Bobrovsky sports a 2-7 post-season record against Pittsburgh. He probably would welcome a first-round matchup next year against anyone other than the Penguins and Crosby, the best player of his generation.
In winning two Stanley Cups, Crosby and Evgeni Malkin have abused their share of opposing goalies in April, May and June. But if the Blue Jackets intend to build on a franchise-best regular season, Bobrovsky probably will need to slay his black-and-gold tormentors. The current playoff format almost ensures early-round matchups with Metro Division heavyweights Pittsburgh and Washington.
Crosby, 29, and Malkin, 30, are in their primes. Crosby’s lethal linemates, Guentzel, 22, and Conor Sheary, 24, are still kids.
The Blue Jackets have a bright future as well with Zach Werenski, 19, Seth Jones, 22, and other emerging talents. But you can’t compete for the Cup without a goaltender who can steal you games in the postseason. Bobrovsky, 29, is capable of rising to that level, but he’s yet to prove it.
He made a terrible gaffe behind the net in Game 2, which led to the opening goal after the Blue Jackets had dominated much of the first period. He also couldn’t corral Malkin’s sharp-angle shot in the same game that produced the third goal in a 3-1 loss.
Bobrovsky operated with little margin for error in the first two games as the Jackets generated only one goal in each. That wasn’t the case Sunday as the series shifted to Nationwide Arena. Cam Atkinson scored 11 seconds into the contest and the Jackets held a 3-1 lead before the snow began to collect around Bobrovsky’s posts.
The Jackets’ game began to unravel, however, as the speedy Penguins rallied in the second period to tie it.
“When you get a lead like that in the playoffs, you have to find a way to lock it down,” center Brandon Dubinsky said. “We got on our heels in the second period.”
Neither Bobrovsky nor the Penguins’ Marc-Andre Fleury was particularly sharp. Both fought pucks throughout the game.
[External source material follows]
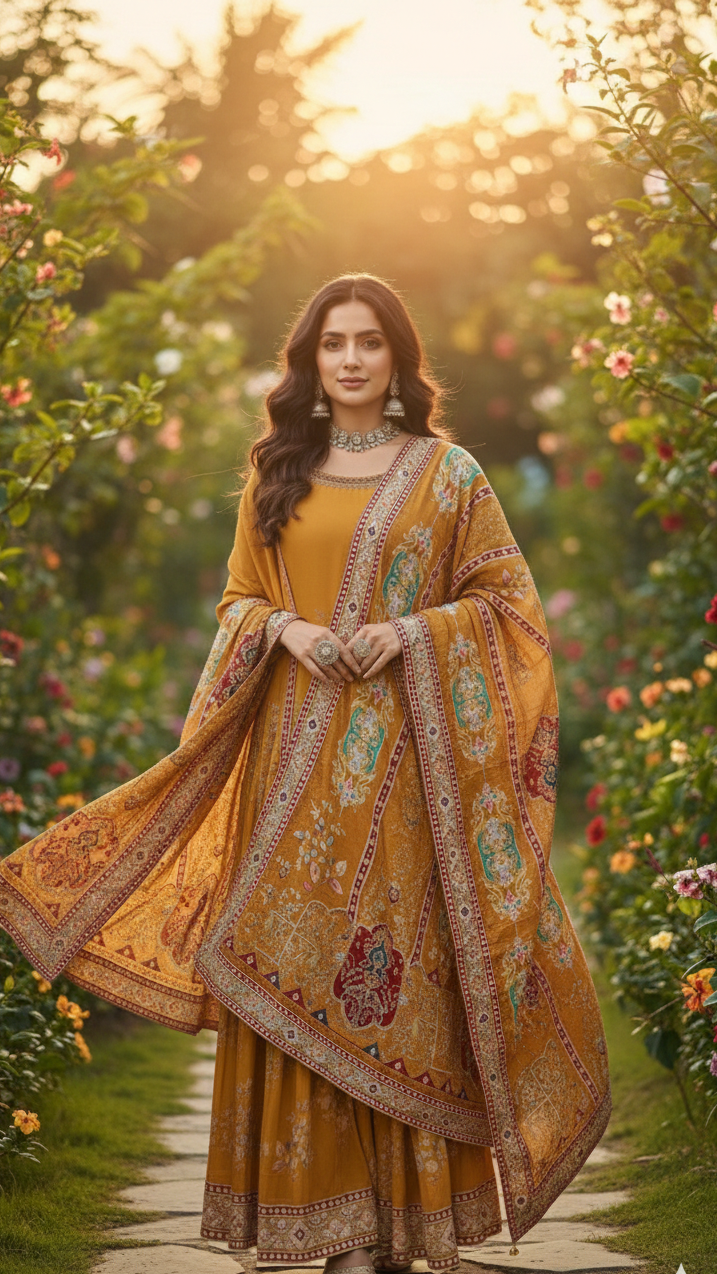 Mustard Heritage Sharara Set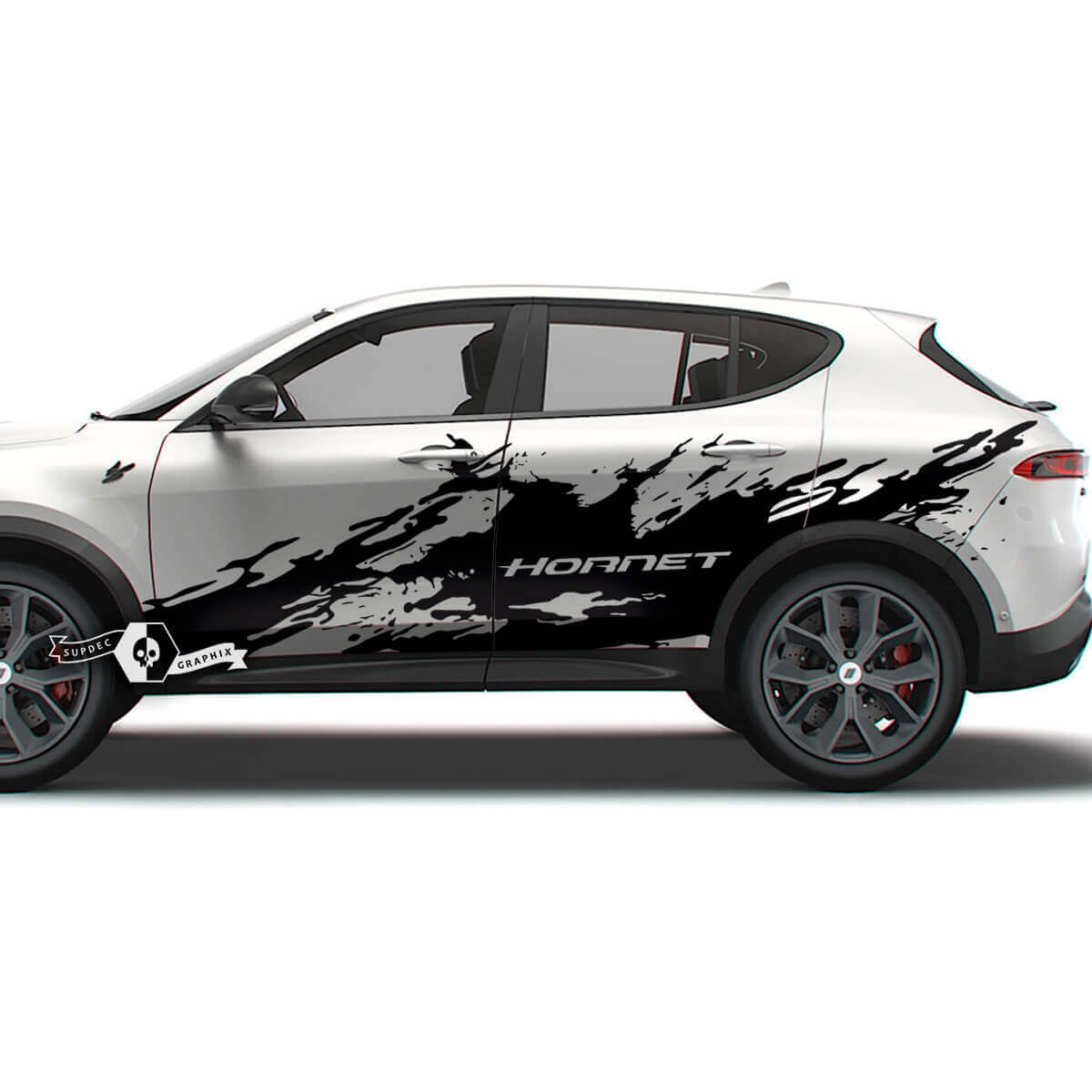 Par de pegatinas de vinilo para puertas Dodge Hornet con rayas laterales y envoltura de salpicaduras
Only one had to contend with Crosby, Malkin, Phil Kessel and Guentzel, who has four goals in the past two games, including a hat trick Sunday night.
The Penguins were diabolical in creating offense from behind the goal line. How many times did pucks ricochet off the end boards and carom into areas of menace? Guentzel banked one shot into the net off Bobrovsky.
It’s not that Bob hasn’t made big saves in the series. He just hasn’t made enough of them. He’s not resembled the goalie who had shooters muttering to themselves en route to 41 regular-season wins and a sterling 2.06 goals against average.
Bobrovsky has enjoyed a wonderful bounce-back year. He’s been healthy and heroic – the team’s MVP by a wide margin. His reward was a playoff date with the worst-possible opponent, a defending Cup champion starting to hit its stride.
The Penguins are the better team. They have an array of gifted playmakers. The series probably ends in one of the next two games.
What the Jackets want for Bobrovsky is to play well Tuesday night and again Thursday. They want him to feel good about some playoff performances. When the Jackets are truly ready to contend, they will require a goalie worthy of raising a trophy other than the Vezina.